Hasso-Plattner-Institut
Prof. Dr. Felix Naumann
 

15.04.2015

Second paper accepted at VLDB 2015

Experiments and Analysis Paper

Functional Dependency Discovery: An Experimental Evaluation of Seven Algorithms

Thorsten Papenbrock, Jens Ehrlich, Jannik Marten, Tommy Neubert, Jan-Peer Rudolph, Martin Schönberg, Jakob Zwiener, Felix Naumann

Abstract.Functional dependencies are important and interesting meta-data, for instance used for schema normalization or data cleansing. The efficient discovery of functional dependencies in tables is a well-known challenge in database research and has seen several approaches. In this experimental paper we describe, evaluate, and compare the seven most cited and most important algorithms, all solving this same problem.

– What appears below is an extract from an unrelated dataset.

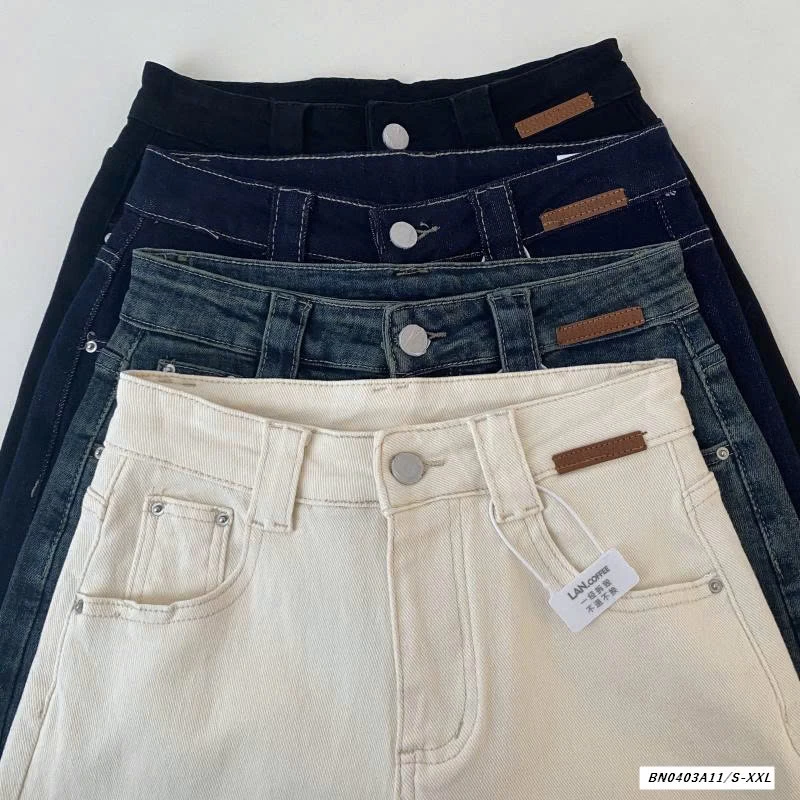 JEANS SUÔNG CẠP CAO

First, we classify the algorithms into three different categories, explaining their commonalities. The then following descriptions of the algorithms each point out their main ideas and describe additional details where the original papers were ambiguous or incomplete. Our evaluation of careful re-implementations of all algorithms spans a broad test space including synthetic and real-world data. We show that all functional dependency algorithms optimize for certain data characteristics. We conclude that the current ap- proaches scale surprisingly poorly, showing potential for future research.